L’ultima resistenza possibile alla sopraffazione della speculazione edilizia, all’omologazione compositiva dell’immagine, ad un piatto concetto di tempo. Lepanto, commistione documentaria/finzionale della factory Caucaso, è un altro tassello visivo e filosofico dei lavori di Enrico Masi, dove la forma di opposizione al pensiero e all’agire dominante del capitalismo contemporaneo assume i contorni della malìa e del soffio di una fabula.
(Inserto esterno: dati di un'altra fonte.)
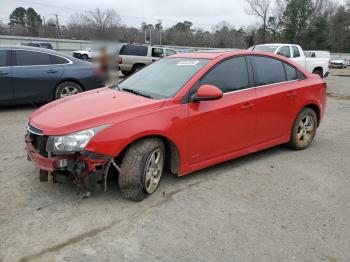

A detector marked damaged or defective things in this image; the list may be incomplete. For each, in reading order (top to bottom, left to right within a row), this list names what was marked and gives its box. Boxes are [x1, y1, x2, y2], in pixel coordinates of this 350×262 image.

Mike, a cui venne rasa al suolo la casa per far spazio alle costruzioni per le Olimpiadi di Londra, appare in Brasile prima che le autorità radano al suolo centinaia di abitazioni di povera gente per far spazio al parco olimpico. “Il profitto che si trasforma in evento”, il racconto che oscilla tra realismo della cronaca, ricomposizione vintage della testimonianza sul campo, e apparizione onirica di storia e senso (pagine di libro, dipinti, leggende di “resistenza”), fa di Lepanto un oggetto filmico non incasellabile né nella categoria classica del documentario di impegno civile, né nelle opere puramente di ricerca e sperimentazione visuale dell’oggi. Quando invece è cinema di pura essenza spirituale, moto in avanti del sogno meliesiano degli albori, sospeso sul crinale di una libertà formale assoluta e spiazzante.